- _WORK TO COMPLETE_
Within the lines below, find those that hold the string "ceiling" and copy each one.

- _DATA TO PROCESS_
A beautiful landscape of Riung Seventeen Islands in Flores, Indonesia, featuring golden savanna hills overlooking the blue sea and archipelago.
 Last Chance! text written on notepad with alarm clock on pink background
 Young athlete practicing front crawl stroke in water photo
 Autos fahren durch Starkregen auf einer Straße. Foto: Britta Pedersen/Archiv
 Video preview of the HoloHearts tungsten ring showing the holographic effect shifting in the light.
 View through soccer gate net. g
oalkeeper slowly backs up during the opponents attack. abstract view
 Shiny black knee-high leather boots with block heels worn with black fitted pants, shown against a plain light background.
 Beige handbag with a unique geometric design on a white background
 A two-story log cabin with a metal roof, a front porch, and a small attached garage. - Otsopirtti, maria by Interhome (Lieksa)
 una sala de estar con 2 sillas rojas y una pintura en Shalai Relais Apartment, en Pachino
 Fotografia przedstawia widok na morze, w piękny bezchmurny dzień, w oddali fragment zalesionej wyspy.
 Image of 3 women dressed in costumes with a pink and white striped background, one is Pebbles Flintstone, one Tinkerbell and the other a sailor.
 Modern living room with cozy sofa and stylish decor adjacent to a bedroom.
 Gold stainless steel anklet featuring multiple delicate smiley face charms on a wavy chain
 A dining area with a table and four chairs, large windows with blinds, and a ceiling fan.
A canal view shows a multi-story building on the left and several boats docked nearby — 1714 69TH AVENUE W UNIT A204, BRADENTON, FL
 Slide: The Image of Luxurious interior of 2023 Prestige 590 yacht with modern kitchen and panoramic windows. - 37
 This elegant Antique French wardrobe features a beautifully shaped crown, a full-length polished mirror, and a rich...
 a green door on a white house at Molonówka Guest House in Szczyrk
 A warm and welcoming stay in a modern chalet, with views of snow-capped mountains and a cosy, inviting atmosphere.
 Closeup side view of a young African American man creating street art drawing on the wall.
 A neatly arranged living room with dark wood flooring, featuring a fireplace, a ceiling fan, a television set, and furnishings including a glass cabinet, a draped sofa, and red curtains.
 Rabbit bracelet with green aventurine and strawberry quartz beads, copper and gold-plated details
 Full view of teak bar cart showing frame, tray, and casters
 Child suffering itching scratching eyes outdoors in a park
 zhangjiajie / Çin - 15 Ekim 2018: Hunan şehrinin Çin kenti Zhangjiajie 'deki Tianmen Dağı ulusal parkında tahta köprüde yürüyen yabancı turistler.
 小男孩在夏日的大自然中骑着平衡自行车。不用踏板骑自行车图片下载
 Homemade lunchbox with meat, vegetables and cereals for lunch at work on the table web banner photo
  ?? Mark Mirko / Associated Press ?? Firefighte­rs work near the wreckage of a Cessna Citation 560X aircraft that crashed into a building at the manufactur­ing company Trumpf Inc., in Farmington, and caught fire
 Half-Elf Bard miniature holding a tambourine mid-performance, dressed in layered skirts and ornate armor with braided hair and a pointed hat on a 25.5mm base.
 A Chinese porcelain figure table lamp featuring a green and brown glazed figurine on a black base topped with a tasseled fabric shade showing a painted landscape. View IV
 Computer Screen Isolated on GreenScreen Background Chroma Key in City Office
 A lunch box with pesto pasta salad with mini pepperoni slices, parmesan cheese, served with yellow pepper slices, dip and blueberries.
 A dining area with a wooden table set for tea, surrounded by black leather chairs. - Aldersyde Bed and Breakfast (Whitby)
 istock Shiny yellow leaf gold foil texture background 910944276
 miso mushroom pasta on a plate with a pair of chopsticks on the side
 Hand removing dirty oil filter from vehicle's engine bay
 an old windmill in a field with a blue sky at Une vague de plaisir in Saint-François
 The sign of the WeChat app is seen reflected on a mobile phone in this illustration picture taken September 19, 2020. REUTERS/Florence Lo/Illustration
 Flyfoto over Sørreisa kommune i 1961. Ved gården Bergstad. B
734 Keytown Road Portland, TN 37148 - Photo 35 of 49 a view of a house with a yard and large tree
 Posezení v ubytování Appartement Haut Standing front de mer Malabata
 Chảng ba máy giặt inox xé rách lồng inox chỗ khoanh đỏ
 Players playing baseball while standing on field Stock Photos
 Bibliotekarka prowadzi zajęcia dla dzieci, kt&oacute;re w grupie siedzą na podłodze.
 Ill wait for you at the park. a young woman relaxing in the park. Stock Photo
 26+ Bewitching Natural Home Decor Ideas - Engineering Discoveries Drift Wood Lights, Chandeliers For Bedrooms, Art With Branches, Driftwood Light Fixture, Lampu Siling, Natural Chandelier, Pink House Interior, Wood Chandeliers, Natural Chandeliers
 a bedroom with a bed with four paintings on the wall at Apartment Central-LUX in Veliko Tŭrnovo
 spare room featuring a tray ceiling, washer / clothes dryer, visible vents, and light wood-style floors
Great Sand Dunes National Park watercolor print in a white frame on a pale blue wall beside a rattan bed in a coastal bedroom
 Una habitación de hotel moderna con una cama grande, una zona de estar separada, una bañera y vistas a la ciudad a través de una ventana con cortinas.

- _EXERCISE RESPONSE_
 A dining area with a table and four chairs, large windows with blinds, and a ceiling fan.
 A neatly arranged living room with dark wood flooring, featuring a fireplace, a ceiling fan, a television set, and furnishings including a glass cabinet, a draped sofa, and red curtains.
 spare room featuring a tray ceiling, washer / clothes dryer, visible vents, and light wood-style floors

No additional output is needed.